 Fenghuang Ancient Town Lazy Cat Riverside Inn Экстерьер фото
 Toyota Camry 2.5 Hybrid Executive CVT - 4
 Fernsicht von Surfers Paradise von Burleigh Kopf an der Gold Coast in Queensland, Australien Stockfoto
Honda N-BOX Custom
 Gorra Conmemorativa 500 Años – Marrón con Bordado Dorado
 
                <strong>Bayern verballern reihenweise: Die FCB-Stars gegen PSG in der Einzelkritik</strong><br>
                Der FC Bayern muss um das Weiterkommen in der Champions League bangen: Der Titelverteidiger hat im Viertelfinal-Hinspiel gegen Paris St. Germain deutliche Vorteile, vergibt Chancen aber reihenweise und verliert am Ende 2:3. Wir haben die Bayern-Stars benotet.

------

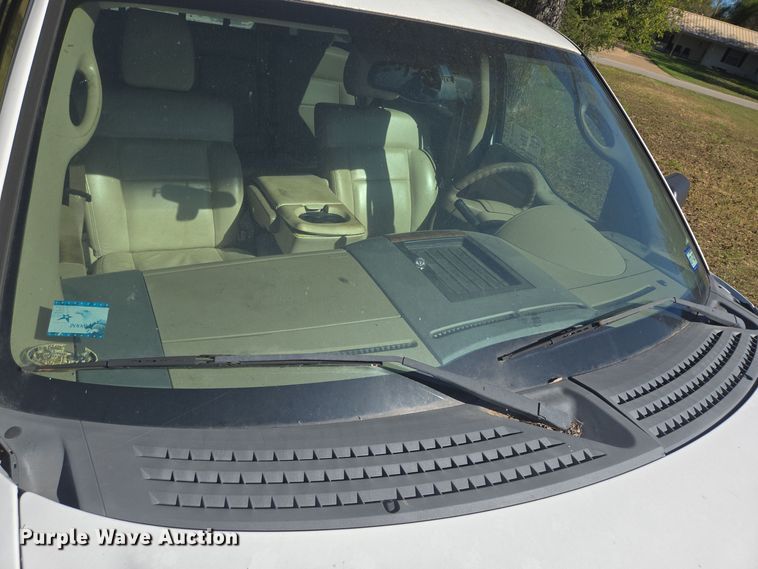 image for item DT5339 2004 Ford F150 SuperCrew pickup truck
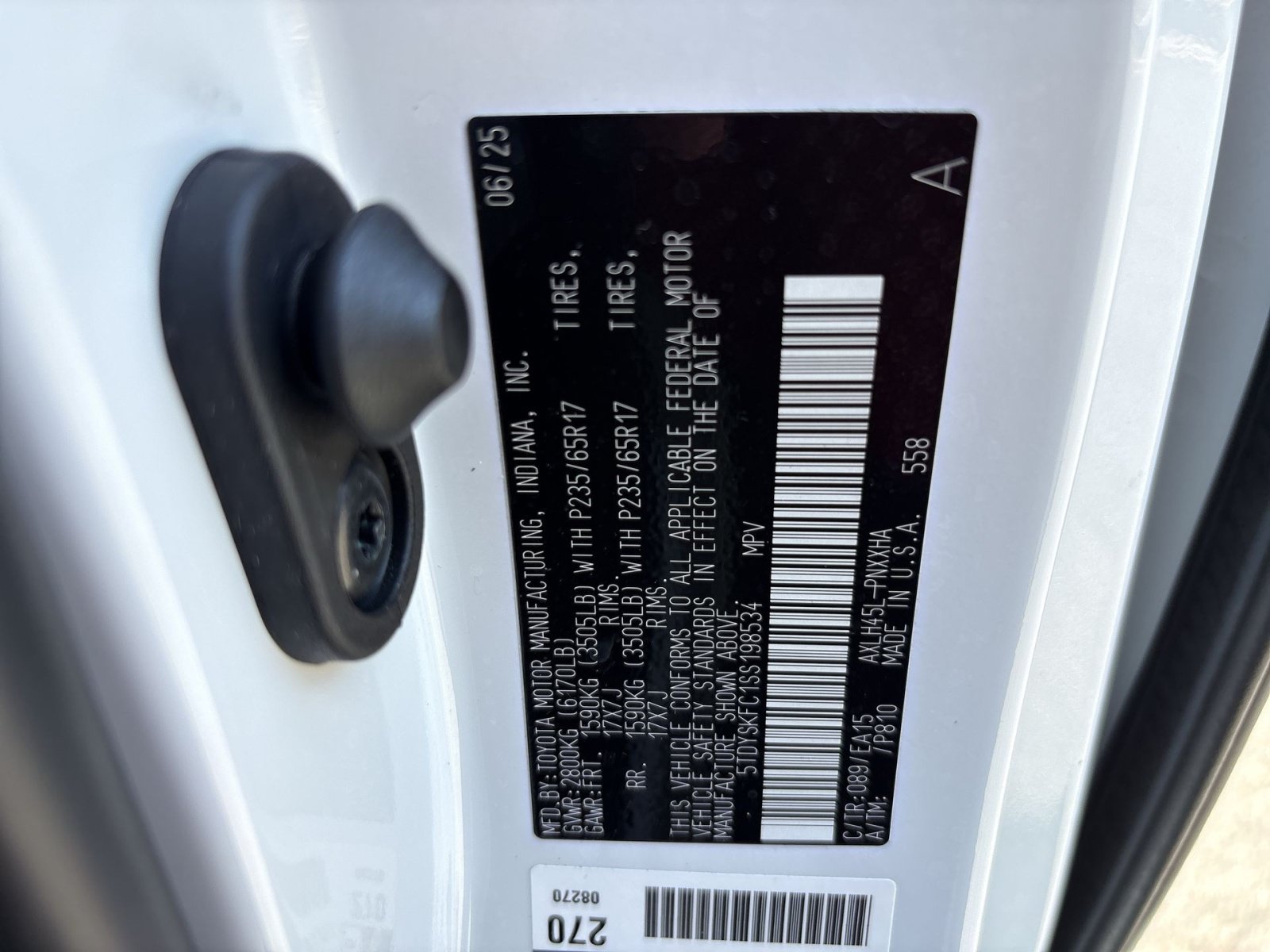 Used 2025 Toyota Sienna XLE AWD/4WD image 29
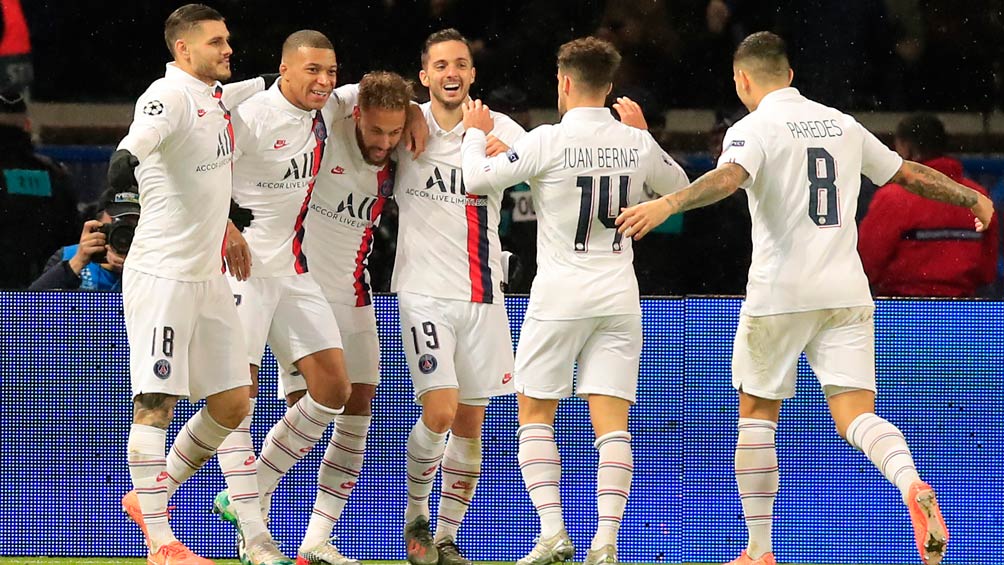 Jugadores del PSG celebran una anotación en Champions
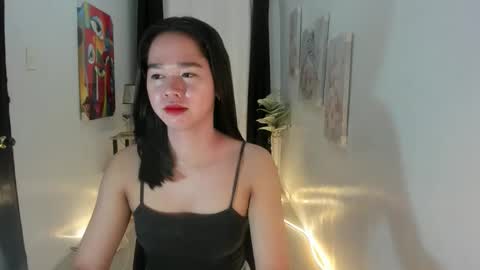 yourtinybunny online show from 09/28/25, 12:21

------

- What needs to be done: Could you restate word for word the lines above from the one containing "Fenghuang Ancient Town" through the one containing "<strong>Bayern verballern reihenweise: Die", both included, and nothing else?

- Answer to this exercise:
 Fenghuang Ancient Town Lazy Cat Riverside Inn Экстерьер фото
 Toyota Camry 2.5 Hybrid Executive CVT - 4
 Fernsicht von Surfers Paradise von Burleigh Kopf an der Gold Coast in Queensland, Australien Stockfoto
Honda N-BOX Custom
 Gorra Conmemorativa 500 Años – Marrón con Bordado Dorado
 
                <strong>Bayern verballern reihenweise: Die FCB-Stars gegen PSG in der Einzelkritik</strong><br>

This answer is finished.